* _Study material_:
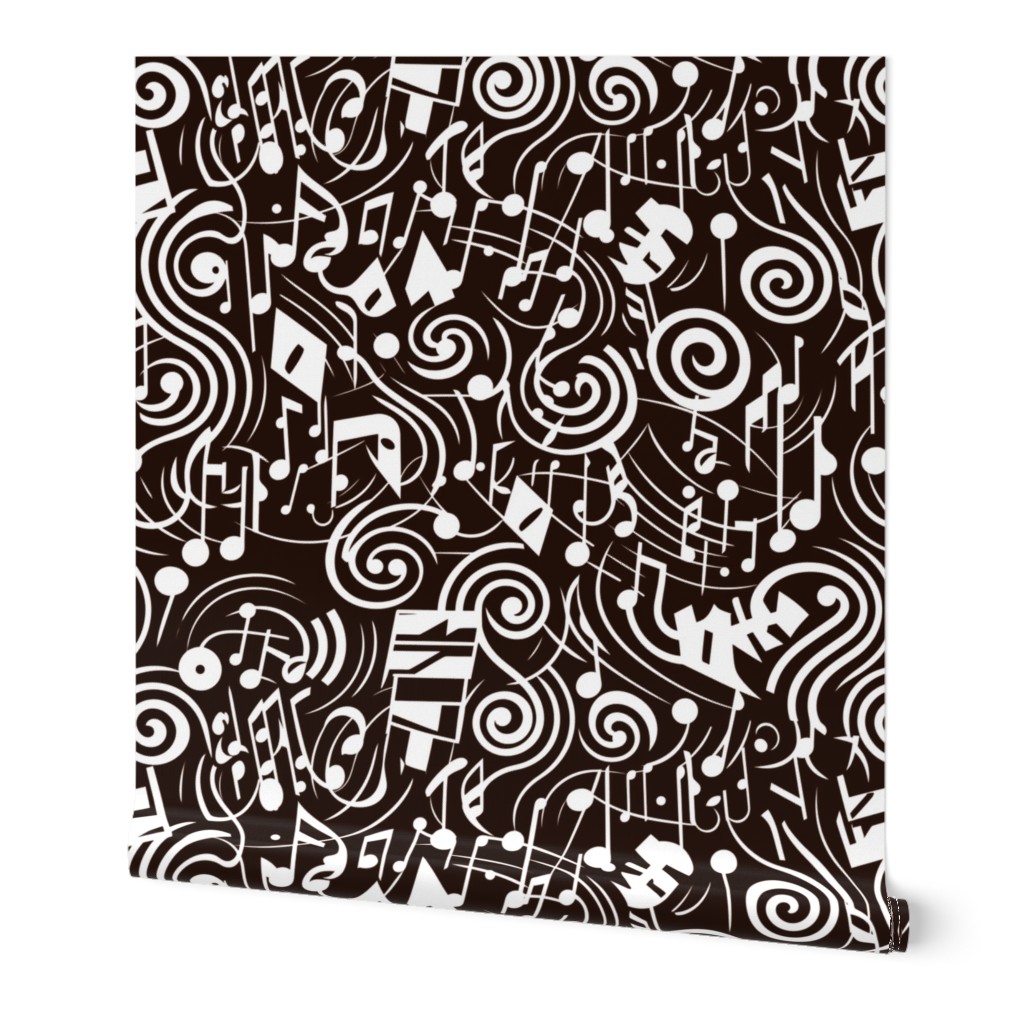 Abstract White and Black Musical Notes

...

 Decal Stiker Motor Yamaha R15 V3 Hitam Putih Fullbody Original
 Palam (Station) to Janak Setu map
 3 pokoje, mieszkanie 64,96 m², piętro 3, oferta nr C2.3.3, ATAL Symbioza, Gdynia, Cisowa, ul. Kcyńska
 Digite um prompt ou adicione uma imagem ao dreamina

* _What the task requires_: Go back to the listing above. Copy word for word the lines from the one with "3 pokoje, mieszkanie" through the one with "Digite um prompt", and nothing more.

* _Written response_:
 3 pokoje, mieszkanie 64,96 m², piętro 3, oferta nr C2.3.3, ATAL Symbioza, Gdynia, Cisowa, ul. Kcyńska
 Digite um prompt ou adicione uma imagem ao dreamina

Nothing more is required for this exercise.